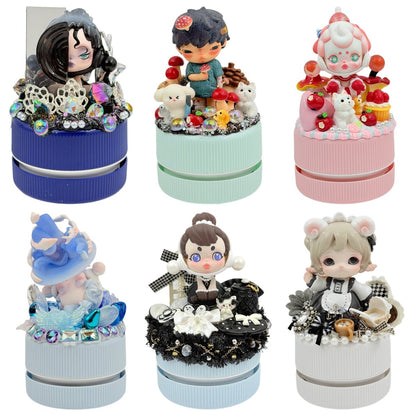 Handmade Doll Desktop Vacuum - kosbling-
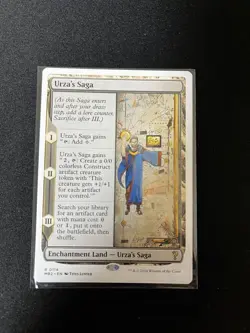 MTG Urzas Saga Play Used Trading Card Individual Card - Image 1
==
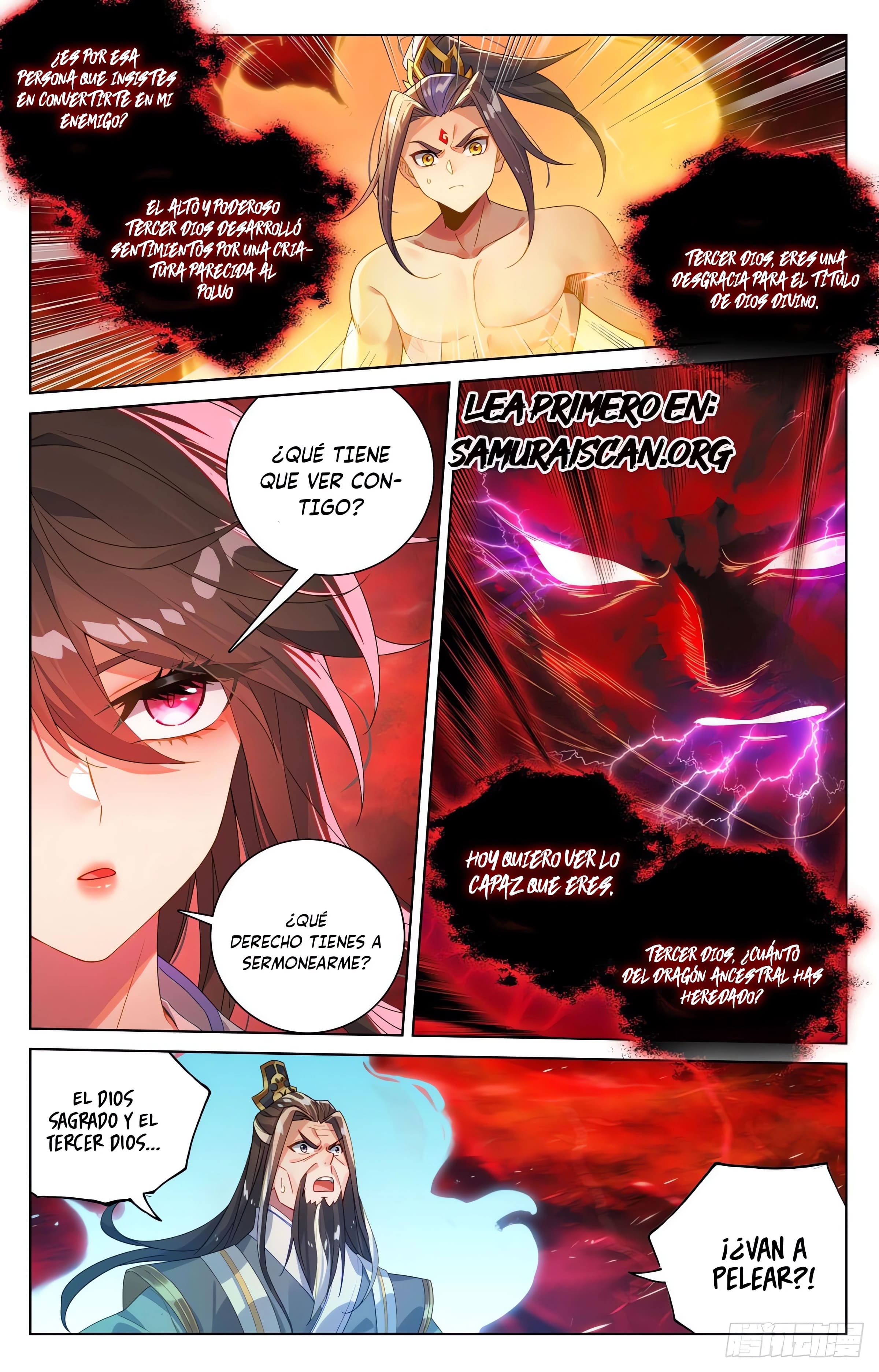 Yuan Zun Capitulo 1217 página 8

- [What you should do]:
Your answer is the exact run of lines above from the one with "Handmade Doll Desktop" through the one with "MTG Urzas Saga", both ends included, minus any picture.

- [Output for this exercise]:
 Handmade Doll Desktop Vacuum - kosbling-
 MTG Urzas Saga Play Used Trading Card Individual Card - Image 1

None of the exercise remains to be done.